» **Aim of the task**
Given the material below, return only the lines starting at the line with "सूत्रों के अनुसार" and ending at the line with "जो लोग किसानों", exactly as they appear.

» **Input**
+++++

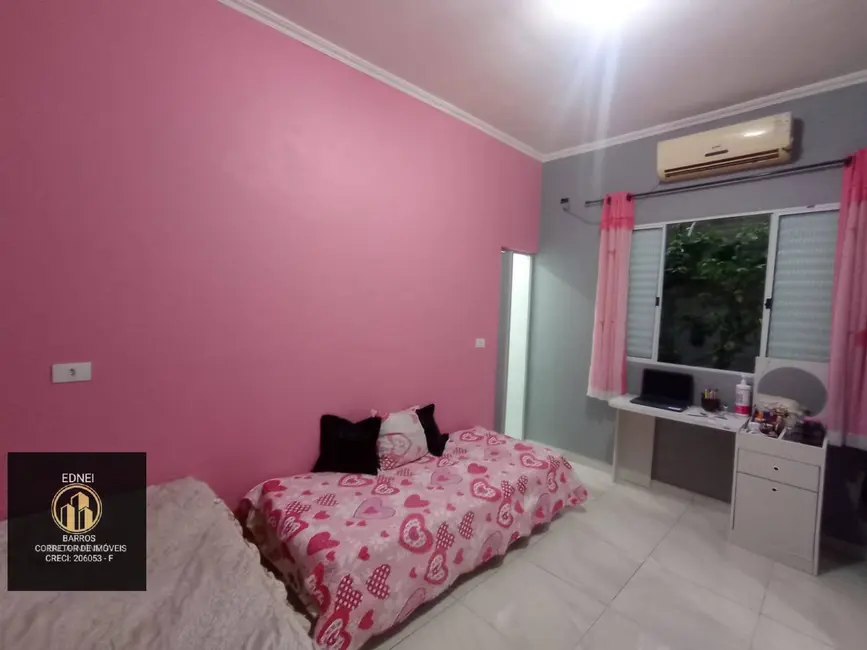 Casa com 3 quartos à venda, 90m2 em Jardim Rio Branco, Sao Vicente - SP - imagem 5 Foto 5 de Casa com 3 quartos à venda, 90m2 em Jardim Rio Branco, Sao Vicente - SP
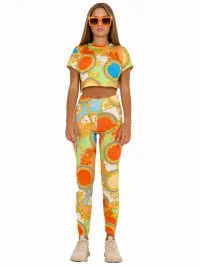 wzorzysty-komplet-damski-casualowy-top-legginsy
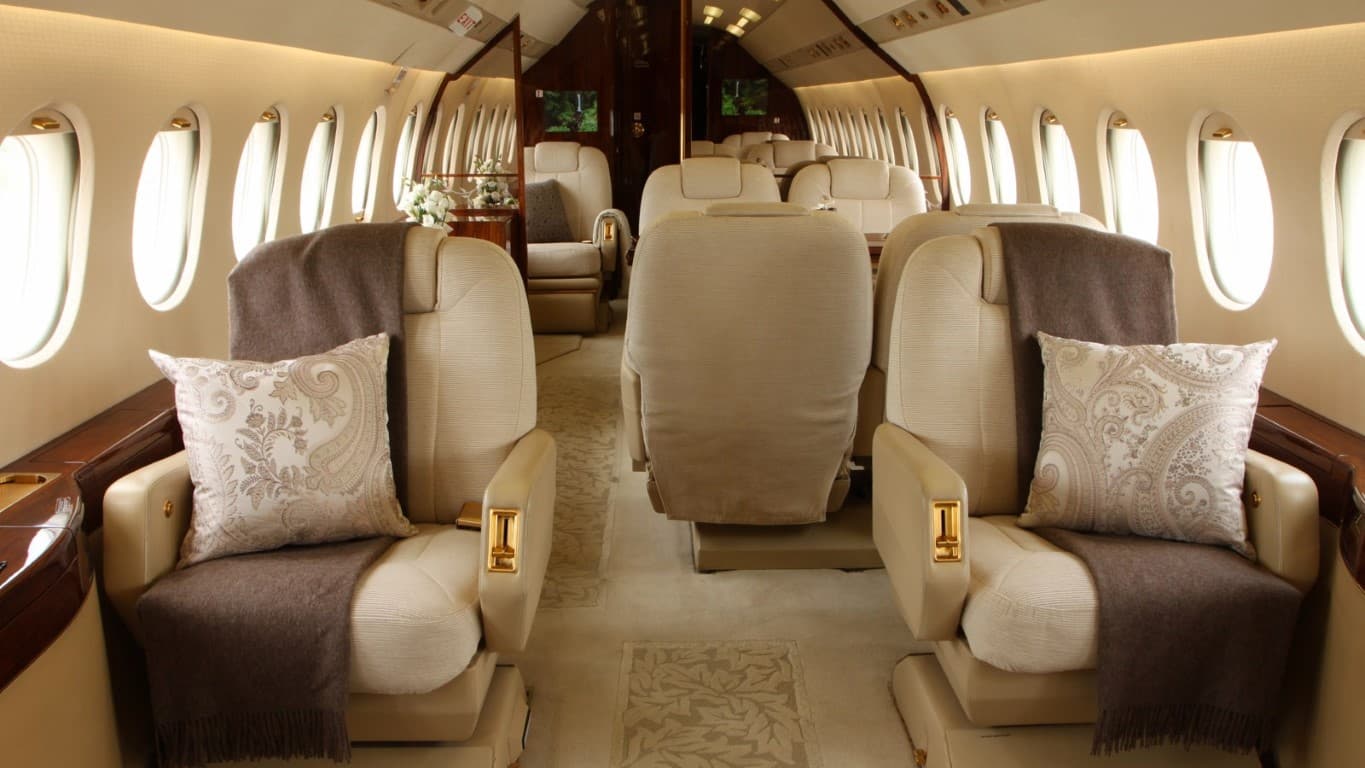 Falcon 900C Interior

+++++

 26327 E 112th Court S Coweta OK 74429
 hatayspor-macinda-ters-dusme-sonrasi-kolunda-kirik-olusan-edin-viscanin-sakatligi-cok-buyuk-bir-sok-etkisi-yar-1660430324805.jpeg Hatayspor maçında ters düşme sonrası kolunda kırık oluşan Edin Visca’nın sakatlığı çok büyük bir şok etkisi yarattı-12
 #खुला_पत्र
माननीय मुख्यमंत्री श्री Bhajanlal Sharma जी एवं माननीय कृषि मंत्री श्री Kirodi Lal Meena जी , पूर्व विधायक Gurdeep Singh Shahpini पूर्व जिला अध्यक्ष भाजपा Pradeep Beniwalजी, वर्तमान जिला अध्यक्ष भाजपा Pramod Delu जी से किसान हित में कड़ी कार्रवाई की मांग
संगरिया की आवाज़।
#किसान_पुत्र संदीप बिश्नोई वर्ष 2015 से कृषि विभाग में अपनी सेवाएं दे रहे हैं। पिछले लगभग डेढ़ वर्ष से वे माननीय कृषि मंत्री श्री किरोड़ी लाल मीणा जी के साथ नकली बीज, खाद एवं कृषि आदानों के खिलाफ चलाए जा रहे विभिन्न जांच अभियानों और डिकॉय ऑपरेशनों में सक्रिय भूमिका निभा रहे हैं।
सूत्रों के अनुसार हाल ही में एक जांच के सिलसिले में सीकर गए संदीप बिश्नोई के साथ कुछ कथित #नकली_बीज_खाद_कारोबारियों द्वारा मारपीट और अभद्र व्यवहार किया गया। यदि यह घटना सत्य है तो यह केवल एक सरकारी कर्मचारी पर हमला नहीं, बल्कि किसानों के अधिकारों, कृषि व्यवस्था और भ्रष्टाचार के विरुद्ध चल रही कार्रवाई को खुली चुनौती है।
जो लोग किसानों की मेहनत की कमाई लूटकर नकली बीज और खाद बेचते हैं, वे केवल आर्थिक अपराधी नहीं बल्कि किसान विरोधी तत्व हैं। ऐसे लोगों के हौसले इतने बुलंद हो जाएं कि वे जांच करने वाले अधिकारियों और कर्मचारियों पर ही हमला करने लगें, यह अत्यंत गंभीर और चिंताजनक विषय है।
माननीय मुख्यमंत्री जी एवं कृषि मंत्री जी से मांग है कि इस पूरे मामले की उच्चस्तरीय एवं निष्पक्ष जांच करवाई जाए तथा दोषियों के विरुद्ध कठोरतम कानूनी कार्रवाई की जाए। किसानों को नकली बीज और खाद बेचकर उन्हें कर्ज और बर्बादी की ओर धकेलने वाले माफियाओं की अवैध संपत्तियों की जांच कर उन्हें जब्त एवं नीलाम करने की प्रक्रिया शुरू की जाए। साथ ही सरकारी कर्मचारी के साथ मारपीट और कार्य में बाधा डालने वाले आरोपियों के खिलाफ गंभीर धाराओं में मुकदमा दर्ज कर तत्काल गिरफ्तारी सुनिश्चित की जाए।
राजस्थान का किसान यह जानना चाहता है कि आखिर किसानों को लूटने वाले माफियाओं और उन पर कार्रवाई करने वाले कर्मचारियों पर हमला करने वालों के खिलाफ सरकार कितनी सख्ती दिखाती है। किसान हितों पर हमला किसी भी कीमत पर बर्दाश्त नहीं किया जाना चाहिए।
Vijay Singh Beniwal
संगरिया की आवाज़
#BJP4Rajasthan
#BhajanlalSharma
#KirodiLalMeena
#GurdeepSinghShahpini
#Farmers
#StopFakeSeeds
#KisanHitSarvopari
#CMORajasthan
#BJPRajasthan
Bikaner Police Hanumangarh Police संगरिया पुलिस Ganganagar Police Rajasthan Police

+++++

» **Solution to the exercise**
सूत्रों के अनुसार हाल ही में एक जांच के सिलसिले में सीकर गए संदीप बिश्नोई के साथ कुछ कथित #नकली_बीज_खाद_कारोबारियों द्वारा मारपीट और अभद्र व्यवहार किया गया। यदि यह घटना सत्य है तो यह केवल एक सरकारी कर्मचारी पर हमला नहीं, बल्कि किसानों के अधिकारों, कृषि व्यवस्था और भ्रष्टाचार के विरुद्ध चल रही कार्रवाई को खुली चुनौती है।
जो लोग किसानों की मेहनत की कमाई लूटकर नकली बीज और खाद बेचते हैं, वे केवल आर्थिक अपराधी नहीं बल्कि किसान विरोधी तत्व हैं। ऐसे लोगों के हौसले इतने बुलंद हो जाएं कि वे जांच करने वाले अधिकारियों और कर्मचारियों पर ही हमला करने लगें, यह अत्यंत गंभीर और चिंताजनक विषय है।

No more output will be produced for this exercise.